The full listing, minus its pictures, should be printed again exactly as it stands.

Input data ->
BEGIN

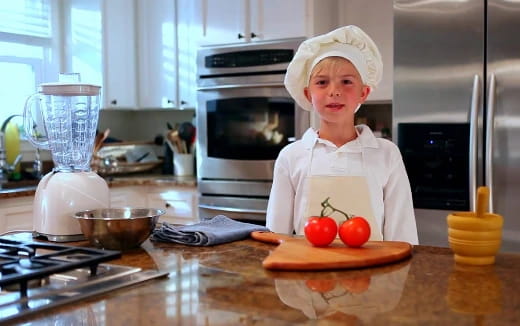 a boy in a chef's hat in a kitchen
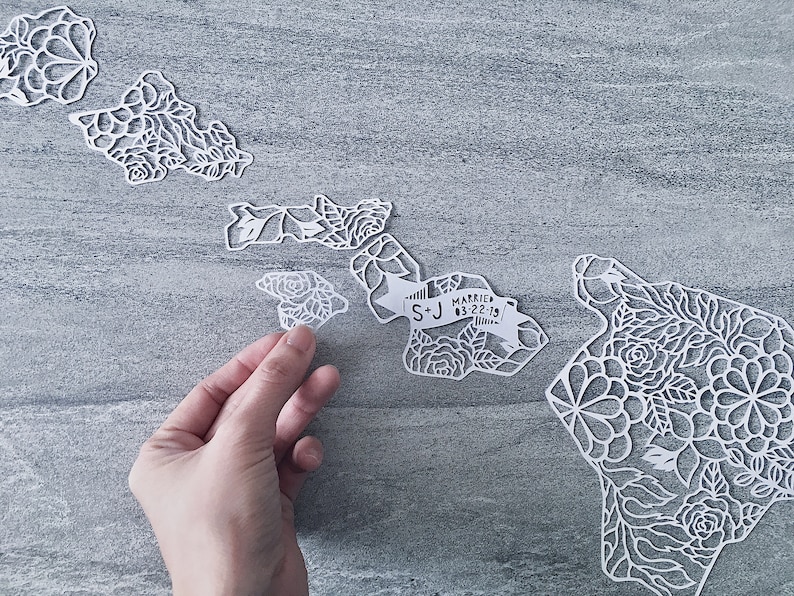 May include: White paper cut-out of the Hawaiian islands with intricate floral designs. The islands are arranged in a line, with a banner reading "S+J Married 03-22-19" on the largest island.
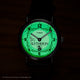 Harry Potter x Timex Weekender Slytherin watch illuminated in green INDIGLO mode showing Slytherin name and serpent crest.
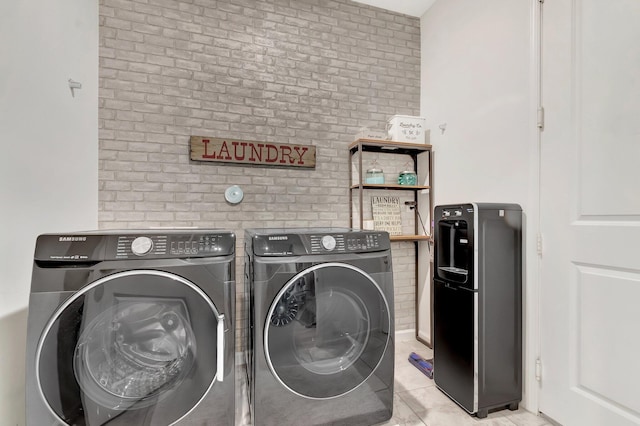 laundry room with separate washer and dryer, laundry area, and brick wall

END

Task result ->
 a boy in a chef's hat in a kitchen
 May include: White paper cut-out of the Hawaiian islands with intricate floral designs. The islands are arranged in a line, with a banner reading "S+J Married 03-22-19" on the largest island.
 Harry Potter x Timex Weekender Slytherin watch illuminated in green INDIGLO mode showing Slytherin name and serpent crest.
 laundry room with separate washer and dryer, laundry area, and brick wall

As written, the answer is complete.